Journalism Students Focus on Powerful Storytelling
Upper School boys hone their interviewing and writing skills to highlight underrepresented voices in the community.
Who doesn’t love a good story? Powerful storytelling can build connections, create a deeper understanding of an issue, and sometimes even change perspectives.
Thursday, Upper School journalism students gathered to discuss their most recent project: writing a profile on an StC faculty member, student, or alumnus from an underrepresented group so that others might better understand them.
The boys have a few specific requirements to meet. They must create a concise, compelling narrative that explores their subject’s experiences, identify the most interesting pull-out quote from their interview, and take a portrait photograph of the person in a way that defines their personality.
Upper School Journalism Teacher Kathleen Thomas led the discussion, and students provided updates on their progress and what they’d learned so far. The conversation focused heavily on the interview process and how to connect and build trust with a subject. “A really important part of interviewing is getting people comfortable,” said Cade Bridges ‘22. “When you’re talking to them face-to-face, it helps warm them to you, relax them, and you then can start asking them questions.”
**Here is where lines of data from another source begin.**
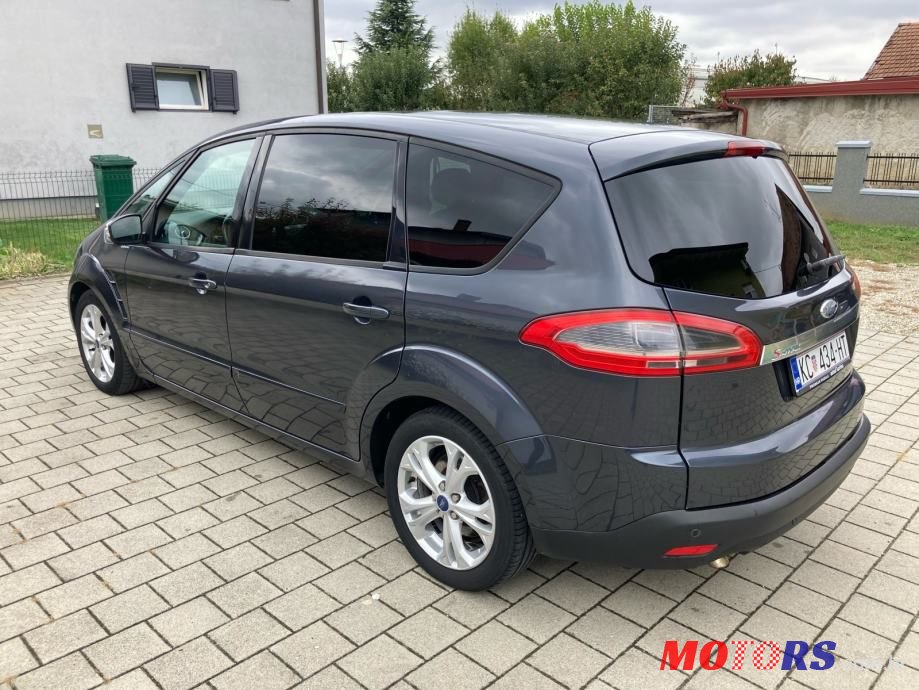 2010' Ford S-Max 2,0 photo #3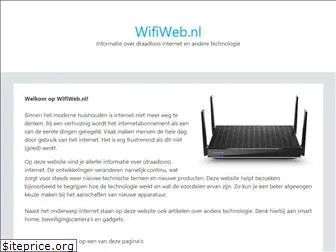 wifiweb.nl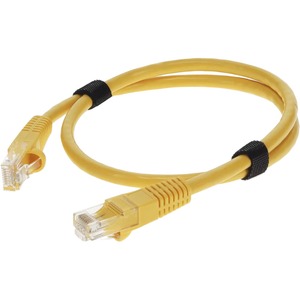 AddOn Cat.6a UTP Patch Network Cable ADD6FCAT6AYW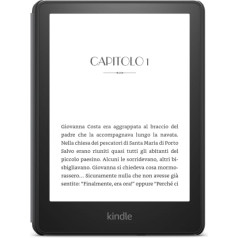 Ebook kindle paperwhite 5 6.8" 32gb wi-fi black (without ads)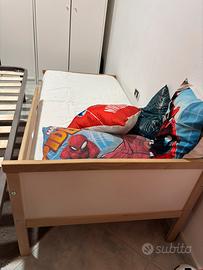 Letto singolo ikea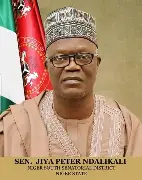 Peter Ndalikali Jiya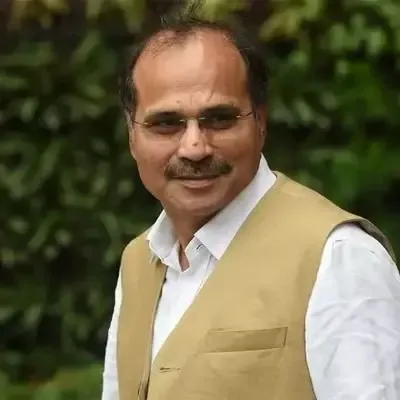 Truck Strikes Adhir Chowdhury’s Escort Vehicle: Election Commission Demands Inquiry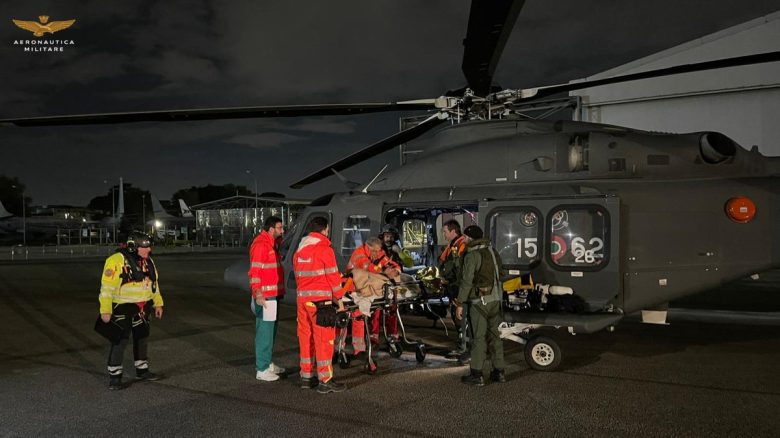 Bambina in pericolo di vita, scatta il trasferimento d’urgenza da Catania a Genova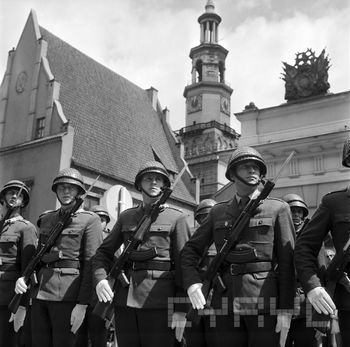 22 lipca w Poznaniu. Jak stolica Wielkopolski obchodziła najważniejsze święto Polski Ludowej?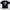 LMC EARTH LOGO TSHIRT BLACK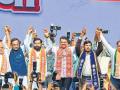 BMC 2026 Election: Fadnavis Promises ‘Surakshit Mumbai’, Says Next Mayor Will Be Marathi and Hindu - Hindi News | BMC 2026 Election: Fadnavis Promises ‘Surakshit Mumbai’, Says Next Mayor Will Be Marathi and Hindu | Latest maharashtra News at Lokmattimes.com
For Nathan Aschheim '22, this assignment was the first time he’d ever interviewed anyone. “Mrs. Thomas asked us to focus on getting specific stories, so I really tried to focus my questions in order to get important details and a few specific stories about his experiences,” he said.
The ultimate purpose of the assignment, whether it appears online, in The Pine Needle, or just as a useful class exercise, is to highlight voices that some may overlook. “Things happen all around you every day that you may not be aware of,” said Aschheim. “We need more stories from different perspectives.”